Yes, deletionTimestamp is intended to provide the indication, in addition to the container's response reflected in the Ready condition.

Adding a Vacating phase would be a breaking API change. It would mean that every client/component that checked Running would need to also then consider Vacating to be Running:

switch pod.Status.Phase {
case api.PodPending:
    // not active yet
    ...
case api.PodRunning:
// need new case api.PodVacating:
    // pod active
    ...
case api.PodSucceeded:
    fallthrough
case api.PodFailed:
    // terminated
    ...
case api.PodUnknown:
    // WTF!
    ...
}

This is also discussed #1899 (comment) and elsewhere. Enums aren't extensible. Every addition is a breaking API change. People will try to infer properties from the phases, using switch statements like the above. I relented on Succeeded/Failed, but probably shouldn't have. At some point, it will just become too painful to add new phases, and then we'll be left with an unprincipled distinction between phases and non-phases.

I'm trying to keep the set of phases to the bare minimum and then explicitly specify other common properties for clients as needed. I can elaborate on this more in the api conventions doc:
https://github.com/GoogleCloudPlatform/kubernetes/blob/master/docs/api-conventions.md#spec-and-status

I'm happy to add new additional properties if that helps. The conditions array is designed to be extensible in that way. PodStatus also contains a Message field, which could be used:
https://github.com/GoogleCloudPlatform/kubernetes/blob/master/pkg/api/v1beta3/types.go#L802

We should also really add a Reason field.

ContainerStateTerminated already contains both Reason and Message:
https://github.com/GoogleCloudPlatform/kubernetes/blob/master/pkg/api/v1beta3/types.go#L674

We could add an additional field to ContainerStateRunning:
https://github.com/GoogleCloudPlatform/kubernetes/blob/master/pkg/api/v1beta3/types.go#L668

Comment on #6979 if you have feedback about the structure of ContainerStatuses.

cc @vishh @dchen1107 @thockin

@davidopp
Copy link
Member

I don't have a philosophical objection to adding more phases but I do think we should try to avoid redundant representations of the same information within the server. IIUC, deletionTimestamp != 0 would be redundant with podPhase==vacating, so I don't think we need the latter. I do think the client will want to synthesize some nice human-readable set of states larger than the set we are providing on the server, and perhaps we want to put that logic in a client library, but I don't think we need to make these sever-side states.

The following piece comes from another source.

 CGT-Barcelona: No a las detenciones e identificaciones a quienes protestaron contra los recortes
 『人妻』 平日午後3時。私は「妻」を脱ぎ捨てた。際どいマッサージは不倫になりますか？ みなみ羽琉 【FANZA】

[For reference, in Borg tasks have a state that indicates they are "vacating" and also a timestamp for when the task should be kill -9'd (this timestamp is only nonzero when it has been requested to die and is in the grace period phase). It's confusing. Machines have a similar situation (a state that indicates they're shutting down, and a timestamp for when they will be removed, that is only nonzero when they are shutting down). It's also confusing.]

@bgrant0607
Copy link
Member

Honestly, since Phase is such a honeypot, I'm tempted to delete it from the API and just create more conditions.

@bgrant0607
Copy link
Member

I agree w/ @davidopp re. redundancy.

We definitely should also enhance the presentation in kubectl and any UIs.

@bgrant0607
Copy link
Member

Proposal:

  1. Add LastTransitionTime, Reason, and Message to PodCondition (similar to NodeCondition)
  2. Add new PodCondition types: Initialized, Instantiated (implies fully physically instantiated, not necessarily functional), Terminated, more as necessary
  3. Add Conditions to whatever other objects currently have Phase but not Conditions
  4. Add deletion reason to metadata
  5. Eliminate *.Phase and PodStatus.Message from the v1 API

Success could be recorded in the deletion reason. Any other reason is failure.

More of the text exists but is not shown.